Kartozlarının Yere Düşerken Çıkardığı Sesler

3 Ağustos 2012 Cuma

Mavi Gözyaşlarına Yasak!

Ah ne yapsam bilemiyorum vallahi! Bir haftadır gözlerimde katlanılmaz bir ağrı var, orucun etkisiyle olsa gerek hiç katlanamıyorum bu ağrıya. Zaten kontrol zamanım da gelmişti, o vesileyle doktora gittim. Açıkçası bunun bir gün başıma geleceğini biliyordum, ama... Bu kadar erken olması, hatta tam da yaz tatiline -dram filmlerine yırtıcı bir hayvan edasıyla saldırdığım o kutsal vakte- denk gelmesi korkuttu, üzdü beni.
Gözlerimde kuruluk başlamış anacım!
Çok ağlıyorum, evet, kabul ediyorum. Hatta bazen o kadar çok ağlıyorum ki saatlerce başım ağrıyor. Ama seviyorum ağlamayı be. Bana hiçbir şey burnumu çeke çeke ağlamanın hazzını ve onun getirdiği rahatlamayı sağlayamaz. Ağlamak o derece değerli bir şey benim için. Bunları, sözlü olarak dile getirmeyip de reçeteme adeta "Ağlamak yasak!" yazan doktora söylüyorum. Ne yaptığınızın farkında mısınız sonsengnim? Bunun, bana değil de etrafımdakilere zarar verecek bir karar olduğunu göremiyor musunuz? Ağlayamazsam, beynimdeki fazlalıklar atılmadığı için aptallaşacağımı bilmiyor musunuz? Peki, evde çıkacak kargaşasadan haberiniz var mı?

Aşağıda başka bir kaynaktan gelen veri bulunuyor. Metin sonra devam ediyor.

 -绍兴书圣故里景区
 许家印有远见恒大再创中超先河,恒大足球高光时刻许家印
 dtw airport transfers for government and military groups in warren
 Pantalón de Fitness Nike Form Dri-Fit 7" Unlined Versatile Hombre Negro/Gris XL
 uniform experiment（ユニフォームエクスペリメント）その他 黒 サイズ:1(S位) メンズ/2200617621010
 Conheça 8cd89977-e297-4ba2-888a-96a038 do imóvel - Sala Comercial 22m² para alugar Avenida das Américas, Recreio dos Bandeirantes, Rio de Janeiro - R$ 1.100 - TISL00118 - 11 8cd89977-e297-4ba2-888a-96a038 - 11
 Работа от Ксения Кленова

Şu şekilde patlayacağım muhtemelen:


Ay her neyse... Şaka maka gözlerime çok değer veririm. Bu yüzden en azından bir süreliğine doktoru dinlemeye karar verdim. Ağlamaya ve gözlerimi bu kadar çok yormaya ara verecektim. Peki, verebildim mi? İşte orasını şu an kestiremiyorum.
Çünkü tam da bu sorun patlak verdiği gün ben Winter Sonata izlemeye başladım. (Kocaman alkış alayım!) Evet, şu insanların "Kalbim dayanmaz diye bıraktım" diye bahsettikleri dizi. Neden yaptım bilmiyorum, tamamen bir anda gelişen bir şeydi. Eh, hayırlısı olsun, birkaç gün sonra görme kaybı falan başlamazsa iyidir.
Yazıyı burada kesecektim, yapamıyorum. Çünkü bugün Gaksital'in yeni bölümünü izledim. Ağlamamak için kendimi tutuyordum. Taa ki... Başkan Jo'nun Gaksital kıyafetiyle kendini ortaya attığı ana kadar...

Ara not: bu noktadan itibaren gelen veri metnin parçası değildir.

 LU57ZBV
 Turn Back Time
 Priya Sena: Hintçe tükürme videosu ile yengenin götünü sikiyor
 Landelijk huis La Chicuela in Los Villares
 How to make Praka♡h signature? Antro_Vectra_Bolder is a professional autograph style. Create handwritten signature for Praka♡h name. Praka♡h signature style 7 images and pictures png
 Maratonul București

Sonra bi' baktım, Josonlu gençler de Başkan'a katılmış, herkes patır patır dökülüyor, "Kara Murat benim" etkisi oluyor. Ulan dedim, sizin gibi insanlar yok bu dünyada. Ne yaptım sonra? Ağladım. Evet. Ağladım, çünkü manevi değeri o kadar yüksek bir sahneydi ki artık ağlamamak için kulaklıkları çıkarıp gözlerimi kapatmayı bile denedim, ama tutamadım kendimi. Lider Damsari nasıl ağlamadı, ben ona şaştım gerçi.
Neyse, ondan sonraki sahneler biraz karıştı, polisler dayağa falan geçti. Gaksital gelsin diye bekliyoruz artık. Hooop...

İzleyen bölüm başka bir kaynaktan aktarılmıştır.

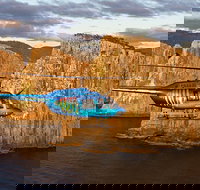 The Grand Tour Helicopter Flight - Accommodation Cairns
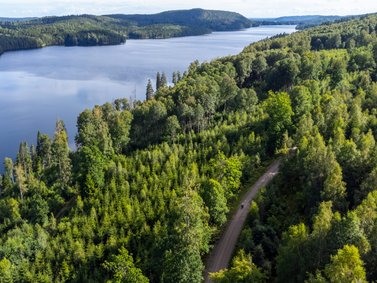 Cykla i Dalsland Cykla i Dalsland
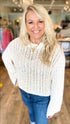 SPELL & THE GYPSY Loose Knit Sweater (L)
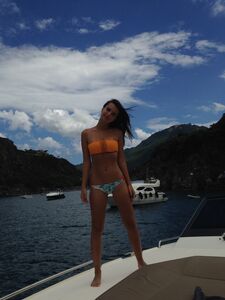 Fuites Nues de la Super Modèle Emily Ratajkowski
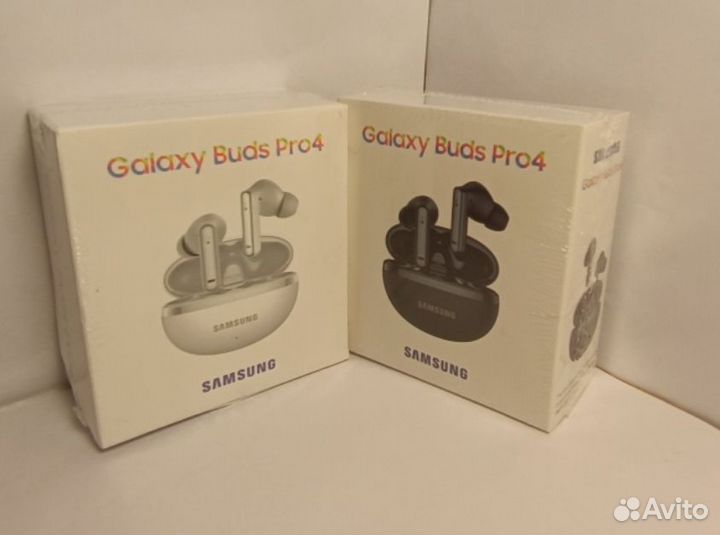 Samsung galaxy buds pro 4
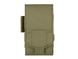 Підсумок 8Fields Multi-Way Carry Phone Pouch Olive 24149 фото 1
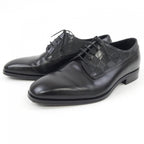 Louis Vuitton Ottoman Black 6 — view 3
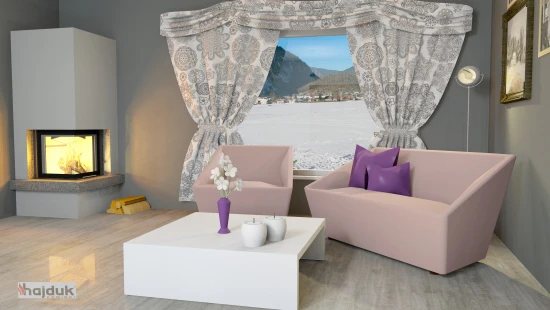 EEK A+ Eck-Kaminbausatz IMPERIAL mit HAJDUK SMART 2PTh - 7,5 kW EEK A+ Eck-Kaminbausatz IMPERIAL Mit HAJDUK SMART 2PTh - 7,5 KW -Kaminofen Geschaft imperial 30691 1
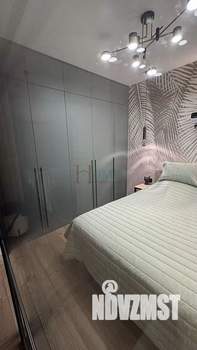 1-к квартира, на длительный срок, 29м2, 5/25 этаж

Evet, o gördüğünüz bizim cazgır ajumma'mız. Sirkin sevgili annesi... Hain Shunji onu kalbinden vurdu! Gel de ağlama abi ya. Hadi gel de ağlama... Ağladım lan.

Yalnız şu an fark ettim ki beni en çok ağlatan diziler KBS'den çıkmış. Senaristler dram bağımlısı olsa gerek, benim gibi. Keşke ağlama hakkım elimden alınmasaydı da... Aaah, ah...
Benim yerime Joo Won oppa ağlasın bari.


Gözyaşlarınızın kıymetini bilin, mavi olmasalar bile!